The larger, under-seat bag will double as a beach bag if you’re going on a beach vacation, or as your tote bag if sightseeing and/or shopping. I like burlap and canvas varieties, but the key to the under-seat bag is the “mush” factor. You don’t want this bag to have structure. It must be able to mush effortlessly. I carry a Balenciaga Motocross Classic Weekender I bought at a consignment shop for most of my plane rides, but I also love this color-block zippered canvas tote by Pacific Tote Company, which can easily double as a beach bag.
Now. About the overhead:
I swear by my bag, but it’s on the pricier side. However, with the amount I travel, it’s worth every cent. I use The Salsa Deluxe by Rimowa, a 360 spinner with the lightest hard case and amazing internal organizational features to keep things in place. This size works on around 97% of planes. If spending $600 on a carry-on is out of the question (which is totally understandable), then opt for the same genius, lightweight construction for about half the price with a Raden A22, available in a dozen different colors.
So let’s move on to packing:
This is what most people consider the real challenge, and I’m going to break it down for you. It all begins with the shoes. Yes, your beloved shoes—be prepared to part with most of them, because they’re the enemy of your otherwise perfectly capable carry-on. Instead of quantity, traveling with shoes is all about quality and practicality. You want to build your trip and your entire wardrobe primarily around two pairs of shoes. One heel or wedge-type (only if necessary), and one flat or lightweight white sneaker you can wear with everything. Flip-flops hardly count—they can fit anywhere. If you need to travel with running shoes, make them some kind of lightweight knit crushable sneaker like these Nike Flyknits.
Once you’ve picked your shoes, build your wardrobe around them. Pants, shorts, dresses, skirts and tops that all easily work with each other and, most important, with the shoes.
Pack your shoes on the bottom of one side of your suitcase, then roll your clothes rather than folding them, to avoid crease marks and to save space. You’ll be surprised with what you can fit if you roll and tuck.
Top everything off with some easy jewelry and accessories that travel well on your body. Everything you bring should be easily replaceable (don’t bring your expensive rings or anything that has emotional value or is rare or irreplaceable—you can part with these things for your vacation and keep them safely tucked away at home). Don’t bring anything you aren’t willing to lose!
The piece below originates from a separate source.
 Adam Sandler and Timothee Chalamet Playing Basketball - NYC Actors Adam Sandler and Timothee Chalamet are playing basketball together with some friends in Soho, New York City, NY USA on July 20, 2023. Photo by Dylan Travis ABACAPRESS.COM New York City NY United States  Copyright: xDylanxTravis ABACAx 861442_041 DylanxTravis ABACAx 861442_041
Finally, and this is a big one: your vanity kit. Minimize it all—bring your most basic makeup: a neutral and a red lip color, mascara and curler, a small tinted sunscreen moisturizer, and maybe a small portable bronzer and brush. For body and hair products (sunscreen, moisturizer, shampoo and conditioner), chances are they sell it where you’re going, or you can buy some travel-size options at the airport. If you’re traveling internationally, it’s fun to explore some of your favorite brands and what glam concoctions they may offer overseas that you can’t find at home!
That about covers it—have an amazing summer, and safe travels to all!